== EXERCISE DESCRIPTION ==
Reproduce only the lines below from the line containing "2707 Barrio Colon" to the line containing "Asha Bhosle records", exactly as written, with both end lines kept. Omit the pictures.

== ENTRIES PROVIDED ==
»»
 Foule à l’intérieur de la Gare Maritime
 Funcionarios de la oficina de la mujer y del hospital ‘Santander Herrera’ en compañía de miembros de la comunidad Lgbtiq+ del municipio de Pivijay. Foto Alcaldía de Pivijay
««
»»
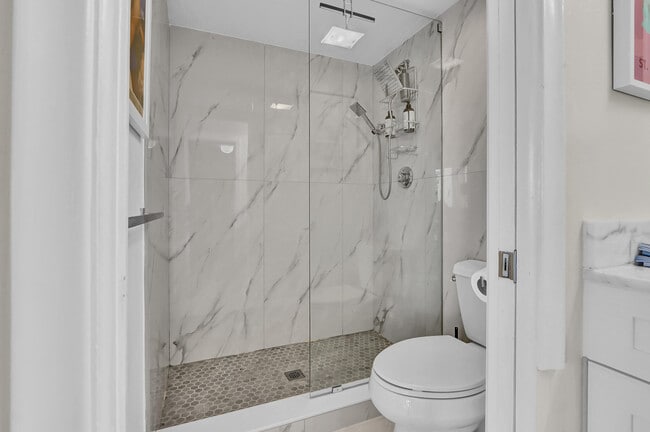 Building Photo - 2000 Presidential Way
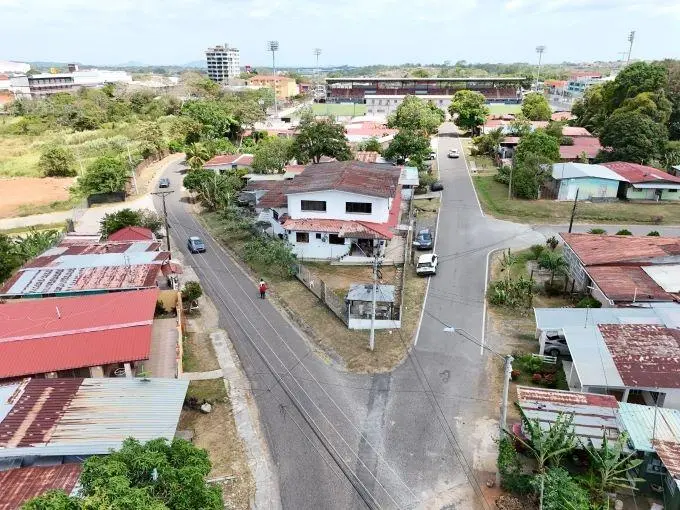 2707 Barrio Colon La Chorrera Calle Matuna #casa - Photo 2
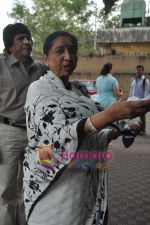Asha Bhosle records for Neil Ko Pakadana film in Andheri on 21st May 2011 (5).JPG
««
== YOUR SOLUTION ==
 2707 Barrio Colon La Chorrera Calle Matuna #casa - Photo 2
Asha Bhosle records for Neil Ko Pakadana film in Andheri on 21st May 2011 (5).JPG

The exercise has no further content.